_Provided data_
● ● ● ●

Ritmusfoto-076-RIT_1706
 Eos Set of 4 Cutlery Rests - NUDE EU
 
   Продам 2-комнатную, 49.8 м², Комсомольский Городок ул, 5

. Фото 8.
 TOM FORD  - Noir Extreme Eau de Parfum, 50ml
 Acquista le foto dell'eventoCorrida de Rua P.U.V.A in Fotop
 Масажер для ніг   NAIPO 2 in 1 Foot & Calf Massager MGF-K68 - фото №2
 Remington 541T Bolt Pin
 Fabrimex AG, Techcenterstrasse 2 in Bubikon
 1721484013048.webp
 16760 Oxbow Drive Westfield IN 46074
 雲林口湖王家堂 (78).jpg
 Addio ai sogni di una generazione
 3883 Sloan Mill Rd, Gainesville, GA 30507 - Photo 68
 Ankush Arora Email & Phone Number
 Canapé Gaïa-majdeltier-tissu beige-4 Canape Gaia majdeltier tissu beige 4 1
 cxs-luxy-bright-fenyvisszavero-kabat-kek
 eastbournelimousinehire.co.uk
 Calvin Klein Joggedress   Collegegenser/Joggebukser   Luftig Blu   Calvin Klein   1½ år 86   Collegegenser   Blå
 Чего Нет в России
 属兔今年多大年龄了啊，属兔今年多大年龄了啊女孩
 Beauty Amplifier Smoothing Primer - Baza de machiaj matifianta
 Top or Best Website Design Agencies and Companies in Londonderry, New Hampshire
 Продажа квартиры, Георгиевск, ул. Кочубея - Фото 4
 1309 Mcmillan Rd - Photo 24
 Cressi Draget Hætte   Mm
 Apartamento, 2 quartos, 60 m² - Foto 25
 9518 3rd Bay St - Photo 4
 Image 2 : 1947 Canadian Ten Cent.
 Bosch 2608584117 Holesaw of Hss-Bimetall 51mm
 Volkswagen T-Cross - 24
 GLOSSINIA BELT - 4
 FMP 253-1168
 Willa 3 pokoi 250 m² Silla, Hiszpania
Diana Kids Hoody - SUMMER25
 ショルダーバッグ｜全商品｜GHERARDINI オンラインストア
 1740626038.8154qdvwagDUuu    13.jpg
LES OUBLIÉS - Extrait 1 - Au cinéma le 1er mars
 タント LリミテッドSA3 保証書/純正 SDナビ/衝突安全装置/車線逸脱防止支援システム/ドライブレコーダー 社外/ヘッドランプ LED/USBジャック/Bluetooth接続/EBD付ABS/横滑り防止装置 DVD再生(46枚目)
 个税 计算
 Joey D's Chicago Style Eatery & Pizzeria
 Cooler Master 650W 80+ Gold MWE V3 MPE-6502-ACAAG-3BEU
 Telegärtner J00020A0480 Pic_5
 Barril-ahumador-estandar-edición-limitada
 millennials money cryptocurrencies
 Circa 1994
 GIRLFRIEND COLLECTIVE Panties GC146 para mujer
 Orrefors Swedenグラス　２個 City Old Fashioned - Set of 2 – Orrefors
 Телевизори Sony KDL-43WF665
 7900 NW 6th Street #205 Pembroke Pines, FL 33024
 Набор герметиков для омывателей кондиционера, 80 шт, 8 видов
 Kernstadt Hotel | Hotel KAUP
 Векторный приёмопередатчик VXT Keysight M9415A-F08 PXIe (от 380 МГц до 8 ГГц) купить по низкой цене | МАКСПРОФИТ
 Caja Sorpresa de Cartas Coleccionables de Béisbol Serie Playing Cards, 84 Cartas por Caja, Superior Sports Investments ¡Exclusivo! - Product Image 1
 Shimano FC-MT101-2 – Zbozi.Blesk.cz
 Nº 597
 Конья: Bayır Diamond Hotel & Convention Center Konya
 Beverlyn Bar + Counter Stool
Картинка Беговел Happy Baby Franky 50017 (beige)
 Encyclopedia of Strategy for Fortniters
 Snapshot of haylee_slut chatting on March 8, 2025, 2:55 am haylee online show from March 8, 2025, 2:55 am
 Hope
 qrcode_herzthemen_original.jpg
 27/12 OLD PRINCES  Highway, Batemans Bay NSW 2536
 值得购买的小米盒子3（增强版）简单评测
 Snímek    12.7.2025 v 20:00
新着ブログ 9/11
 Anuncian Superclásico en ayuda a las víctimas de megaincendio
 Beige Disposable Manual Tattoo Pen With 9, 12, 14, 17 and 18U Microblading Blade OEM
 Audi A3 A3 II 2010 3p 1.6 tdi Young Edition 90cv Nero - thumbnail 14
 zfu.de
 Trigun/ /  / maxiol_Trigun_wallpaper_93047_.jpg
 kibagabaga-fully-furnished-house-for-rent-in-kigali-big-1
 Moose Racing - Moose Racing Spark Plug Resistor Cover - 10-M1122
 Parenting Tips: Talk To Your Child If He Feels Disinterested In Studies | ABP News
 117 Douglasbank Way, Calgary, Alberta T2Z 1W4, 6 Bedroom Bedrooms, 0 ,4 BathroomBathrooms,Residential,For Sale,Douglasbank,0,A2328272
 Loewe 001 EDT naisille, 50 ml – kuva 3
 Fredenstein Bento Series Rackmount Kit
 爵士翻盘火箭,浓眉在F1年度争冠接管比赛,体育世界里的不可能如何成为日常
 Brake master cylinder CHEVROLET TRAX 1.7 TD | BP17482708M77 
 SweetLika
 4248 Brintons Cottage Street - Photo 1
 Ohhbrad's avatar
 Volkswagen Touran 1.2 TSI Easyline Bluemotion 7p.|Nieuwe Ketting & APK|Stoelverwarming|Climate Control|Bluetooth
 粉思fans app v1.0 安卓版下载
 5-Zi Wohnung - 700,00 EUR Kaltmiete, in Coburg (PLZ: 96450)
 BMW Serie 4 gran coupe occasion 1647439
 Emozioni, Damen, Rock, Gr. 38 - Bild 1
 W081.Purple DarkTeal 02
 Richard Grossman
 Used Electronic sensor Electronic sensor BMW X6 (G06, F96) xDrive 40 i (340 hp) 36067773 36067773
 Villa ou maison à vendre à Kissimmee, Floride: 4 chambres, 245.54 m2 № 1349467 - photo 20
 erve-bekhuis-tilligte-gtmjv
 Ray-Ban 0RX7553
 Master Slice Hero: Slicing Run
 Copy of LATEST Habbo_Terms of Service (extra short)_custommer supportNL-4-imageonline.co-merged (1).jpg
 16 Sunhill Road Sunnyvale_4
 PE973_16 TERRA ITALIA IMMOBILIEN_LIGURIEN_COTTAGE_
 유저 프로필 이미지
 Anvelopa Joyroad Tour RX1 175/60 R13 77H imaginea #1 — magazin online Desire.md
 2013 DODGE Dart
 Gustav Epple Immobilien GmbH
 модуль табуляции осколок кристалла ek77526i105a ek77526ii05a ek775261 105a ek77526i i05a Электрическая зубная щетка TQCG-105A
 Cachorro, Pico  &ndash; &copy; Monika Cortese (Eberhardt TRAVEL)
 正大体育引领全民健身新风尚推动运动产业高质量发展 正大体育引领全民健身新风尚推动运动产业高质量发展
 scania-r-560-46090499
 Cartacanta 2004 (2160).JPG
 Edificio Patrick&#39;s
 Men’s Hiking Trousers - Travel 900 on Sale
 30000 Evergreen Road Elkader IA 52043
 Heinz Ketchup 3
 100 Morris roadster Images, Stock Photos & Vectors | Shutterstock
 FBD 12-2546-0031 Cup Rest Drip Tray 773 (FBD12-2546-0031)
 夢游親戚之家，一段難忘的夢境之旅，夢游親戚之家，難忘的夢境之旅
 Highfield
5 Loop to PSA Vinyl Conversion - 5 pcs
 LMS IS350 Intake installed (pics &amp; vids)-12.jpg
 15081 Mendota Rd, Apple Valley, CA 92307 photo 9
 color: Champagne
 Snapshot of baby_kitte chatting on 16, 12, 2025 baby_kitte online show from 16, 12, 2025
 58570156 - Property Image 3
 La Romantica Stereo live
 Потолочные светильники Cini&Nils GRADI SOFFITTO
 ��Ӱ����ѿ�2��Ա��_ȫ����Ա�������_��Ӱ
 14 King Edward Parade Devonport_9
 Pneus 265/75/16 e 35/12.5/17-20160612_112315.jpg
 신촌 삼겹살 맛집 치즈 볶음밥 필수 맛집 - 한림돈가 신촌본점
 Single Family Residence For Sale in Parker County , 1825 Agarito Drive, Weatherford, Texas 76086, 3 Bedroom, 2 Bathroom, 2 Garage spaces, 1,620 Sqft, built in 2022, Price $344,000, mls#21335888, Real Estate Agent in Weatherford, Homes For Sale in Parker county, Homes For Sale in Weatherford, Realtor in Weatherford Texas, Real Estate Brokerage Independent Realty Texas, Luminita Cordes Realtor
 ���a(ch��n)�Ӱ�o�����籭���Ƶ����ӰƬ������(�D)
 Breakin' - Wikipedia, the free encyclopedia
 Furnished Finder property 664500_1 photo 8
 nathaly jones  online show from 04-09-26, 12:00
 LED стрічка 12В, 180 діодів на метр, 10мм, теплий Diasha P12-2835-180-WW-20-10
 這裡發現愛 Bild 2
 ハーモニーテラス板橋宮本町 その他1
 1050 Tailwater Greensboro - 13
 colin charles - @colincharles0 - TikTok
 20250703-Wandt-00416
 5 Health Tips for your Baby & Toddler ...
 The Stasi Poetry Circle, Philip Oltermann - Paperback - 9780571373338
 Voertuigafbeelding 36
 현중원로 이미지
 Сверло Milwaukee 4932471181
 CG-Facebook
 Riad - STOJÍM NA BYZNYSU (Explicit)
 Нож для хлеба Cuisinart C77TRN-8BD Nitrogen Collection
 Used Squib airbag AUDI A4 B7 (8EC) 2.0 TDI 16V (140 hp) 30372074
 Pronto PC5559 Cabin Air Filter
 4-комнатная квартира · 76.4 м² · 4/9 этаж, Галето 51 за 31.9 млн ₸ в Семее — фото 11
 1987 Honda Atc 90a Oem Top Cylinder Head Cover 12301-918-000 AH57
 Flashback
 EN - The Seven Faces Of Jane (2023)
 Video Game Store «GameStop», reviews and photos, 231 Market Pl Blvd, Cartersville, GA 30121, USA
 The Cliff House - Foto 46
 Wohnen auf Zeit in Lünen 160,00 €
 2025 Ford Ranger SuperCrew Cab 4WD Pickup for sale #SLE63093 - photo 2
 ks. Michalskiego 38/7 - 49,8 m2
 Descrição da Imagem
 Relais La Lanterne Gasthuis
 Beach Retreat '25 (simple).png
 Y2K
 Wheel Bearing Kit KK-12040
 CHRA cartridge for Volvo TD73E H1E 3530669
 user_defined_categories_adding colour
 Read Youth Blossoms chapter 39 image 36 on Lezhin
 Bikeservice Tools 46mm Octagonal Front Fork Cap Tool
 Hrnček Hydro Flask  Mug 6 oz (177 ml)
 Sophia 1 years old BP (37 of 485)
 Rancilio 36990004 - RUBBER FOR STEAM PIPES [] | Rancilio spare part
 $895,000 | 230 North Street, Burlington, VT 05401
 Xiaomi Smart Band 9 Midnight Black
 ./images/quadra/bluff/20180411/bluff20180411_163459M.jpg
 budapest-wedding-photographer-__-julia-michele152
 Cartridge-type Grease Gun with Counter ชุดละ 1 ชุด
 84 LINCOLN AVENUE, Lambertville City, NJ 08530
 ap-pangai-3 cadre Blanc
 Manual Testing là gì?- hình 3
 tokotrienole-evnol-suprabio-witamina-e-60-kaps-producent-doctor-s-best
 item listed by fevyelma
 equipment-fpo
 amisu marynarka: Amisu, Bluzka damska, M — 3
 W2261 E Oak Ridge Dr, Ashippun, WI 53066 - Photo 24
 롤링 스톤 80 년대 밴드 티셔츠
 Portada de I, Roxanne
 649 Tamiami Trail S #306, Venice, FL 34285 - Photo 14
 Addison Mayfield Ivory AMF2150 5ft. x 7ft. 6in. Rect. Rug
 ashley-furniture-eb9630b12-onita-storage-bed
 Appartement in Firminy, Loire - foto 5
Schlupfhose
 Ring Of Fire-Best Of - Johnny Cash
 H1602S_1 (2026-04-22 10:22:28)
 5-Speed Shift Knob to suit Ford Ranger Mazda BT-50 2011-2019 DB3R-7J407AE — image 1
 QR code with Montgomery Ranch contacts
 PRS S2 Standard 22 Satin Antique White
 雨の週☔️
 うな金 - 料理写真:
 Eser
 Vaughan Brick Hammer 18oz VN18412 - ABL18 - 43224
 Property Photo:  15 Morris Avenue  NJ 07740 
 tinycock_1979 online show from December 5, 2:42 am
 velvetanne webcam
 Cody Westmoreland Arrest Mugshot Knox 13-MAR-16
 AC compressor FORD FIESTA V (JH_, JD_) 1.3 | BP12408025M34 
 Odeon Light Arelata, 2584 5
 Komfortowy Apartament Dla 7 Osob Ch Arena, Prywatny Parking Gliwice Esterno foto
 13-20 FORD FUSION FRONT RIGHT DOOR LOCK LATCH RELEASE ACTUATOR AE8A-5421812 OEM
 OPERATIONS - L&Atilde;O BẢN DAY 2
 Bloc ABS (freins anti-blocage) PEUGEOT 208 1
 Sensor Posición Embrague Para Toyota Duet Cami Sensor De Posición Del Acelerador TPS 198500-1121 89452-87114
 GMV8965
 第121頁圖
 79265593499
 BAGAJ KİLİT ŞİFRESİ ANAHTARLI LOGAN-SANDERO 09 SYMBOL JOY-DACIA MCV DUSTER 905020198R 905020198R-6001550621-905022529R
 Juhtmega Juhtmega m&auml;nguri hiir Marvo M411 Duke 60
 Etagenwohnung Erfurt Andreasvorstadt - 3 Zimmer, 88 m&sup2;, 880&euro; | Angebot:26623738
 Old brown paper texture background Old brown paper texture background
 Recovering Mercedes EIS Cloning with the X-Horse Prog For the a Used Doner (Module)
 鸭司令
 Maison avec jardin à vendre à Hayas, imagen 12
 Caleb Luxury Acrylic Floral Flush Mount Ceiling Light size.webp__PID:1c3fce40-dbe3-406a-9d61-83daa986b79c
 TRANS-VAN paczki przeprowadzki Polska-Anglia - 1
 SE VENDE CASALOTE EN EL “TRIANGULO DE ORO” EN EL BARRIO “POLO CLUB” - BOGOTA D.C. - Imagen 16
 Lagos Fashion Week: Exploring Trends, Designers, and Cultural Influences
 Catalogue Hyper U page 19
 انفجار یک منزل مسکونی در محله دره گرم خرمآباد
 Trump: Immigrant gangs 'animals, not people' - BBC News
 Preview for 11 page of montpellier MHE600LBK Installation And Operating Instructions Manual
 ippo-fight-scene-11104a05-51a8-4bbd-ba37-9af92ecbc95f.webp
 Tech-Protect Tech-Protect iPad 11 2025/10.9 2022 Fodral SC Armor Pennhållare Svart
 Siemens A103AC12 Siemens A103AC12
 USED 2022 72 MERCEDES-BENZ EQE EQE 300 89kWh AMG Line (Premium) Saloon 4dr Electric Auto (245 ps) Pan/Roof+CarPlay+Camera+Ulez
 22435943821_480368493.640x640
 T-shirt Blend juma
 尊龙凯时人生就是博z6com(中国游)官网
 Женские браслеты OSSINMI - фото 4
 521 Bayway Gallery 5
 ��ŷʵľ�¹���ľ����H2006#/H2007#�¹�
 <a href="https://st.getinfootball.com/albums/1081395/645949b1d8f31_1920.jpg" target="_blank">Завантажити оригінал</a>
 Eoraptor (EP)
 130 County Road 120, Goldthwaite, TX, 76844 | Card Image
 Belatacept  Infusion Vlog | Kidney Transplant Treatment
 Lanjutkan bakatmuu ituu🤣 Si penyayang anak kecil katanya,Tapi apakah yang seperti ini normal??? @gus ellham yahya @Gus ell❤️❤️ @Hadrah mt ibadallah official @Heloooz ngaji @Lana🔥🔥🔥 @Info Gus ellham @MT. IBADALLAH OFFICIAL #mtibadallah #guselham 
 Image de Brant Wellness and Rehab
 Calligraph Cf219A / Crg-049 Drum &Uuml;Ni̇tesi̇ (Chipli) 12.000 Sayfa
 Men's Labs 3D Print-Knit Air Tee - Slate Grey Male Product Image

● ● ● ●

_Task details_
Please show every line of the material that contains the string "News".

_Answer box_
 Parenting Tips: Talk To Your Child If He Feels Disinterested In Studies | ABP News
 Trump: Immigrant gangs 'animals, not people' - BBC News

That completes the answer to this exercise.